Source information —
........

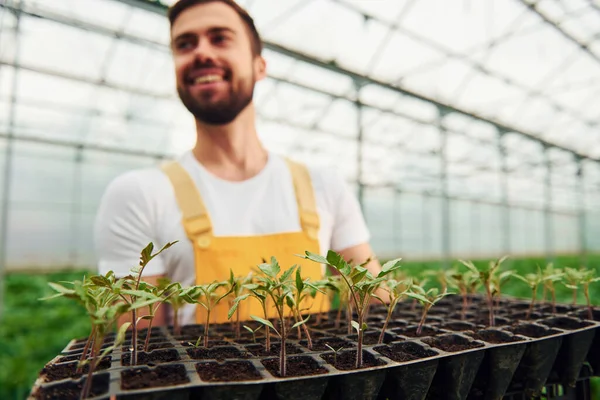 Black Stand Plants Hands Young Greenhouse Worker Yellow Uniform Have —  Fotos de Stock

........

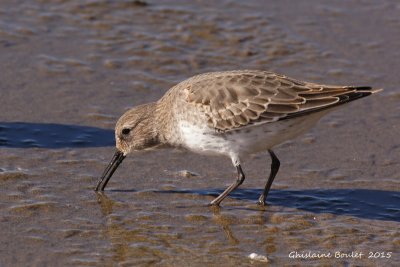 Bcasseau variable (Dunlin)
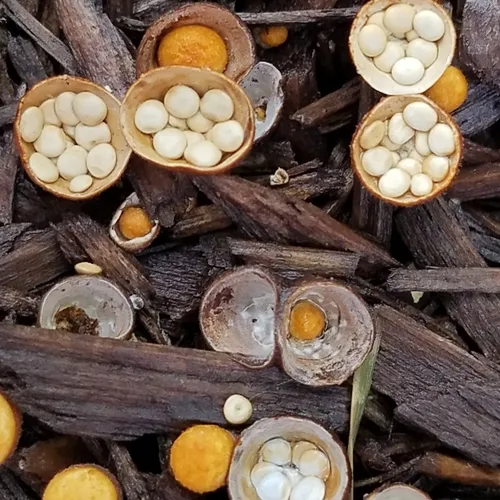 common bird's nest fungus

........

Instructions for the task —
Using the data above, copy exactly the lines from the one containing "Bcasseau variable (Dunlin)" to the one containing "common bird's nest fungus", inclusive. Exclude the pictures.

Expected answer —
 Bcasseau variable (Dunlin)
 common bird's nest fungus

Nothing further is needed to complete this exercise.